Staff officials presented the idea to council members as the best way to secure loan principal rather than initiate foreclosure actions. The restructuring would forgive the accrued interest and eliminate all future interest on the loans in an attempt to recover the original loan amounts over time, according to Hollister officials.
The Honda Powerhouse loans amount to $1.9 million; restructuring would forgive approximately $495,000 of accrued interest.
According to the documentation, the property used to secure the loan is presently valued at $1.7 million, but repayment of the RDA loan is subordinated to a $2.2 million loan the business owes to the former San Benito Bank. This means that a foreclosure at this time would likely net no money to the city.
The report also noted that the Honda Powerhouse still has more than 20 employees and generates significant sales tax revenue, and that the new terms were the best options to regain the principal under the current circumstances.
The RDA in 2011 approved a second, two-year extension on repayment of $1.9 million in loans on the 22,000-square-foot business at 411 San Felipe Road.

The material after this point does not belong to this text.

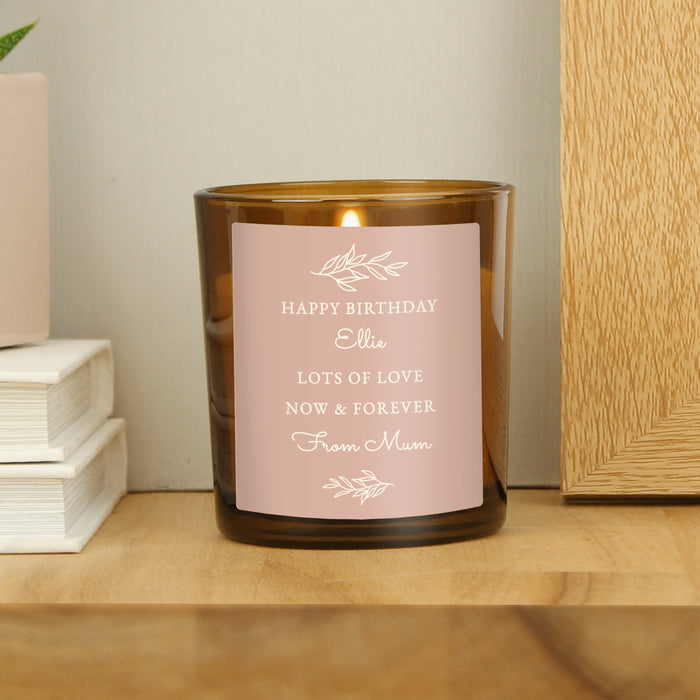 Personalised Pink Label Amber Glass Candle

The second property, 102 San Benito St., had an original loan for $81,000 to clear blight, including the remnants of an old gas station. Restructuring the loan would revise the promissory up upward to $100,000 to cover about 75 percent of unpaid accrued interest to date, forgive future interest, and provide no term. About $6,000 of accrued interest would be forgiven and the $100,000 note would require repayment as a condition of sale.
The property has an assessed value of $225,000 and is listed for sale along with $500,000, but generates no current income. Clearing the property for new construction or reconstruction of commercial or multi-family building of more than three units would also require a relatively a seismic fault study.
The city does not expect the oversight board to act until the September meeting. Following that approval, the proposed changes require the approval of the California Department of Finance.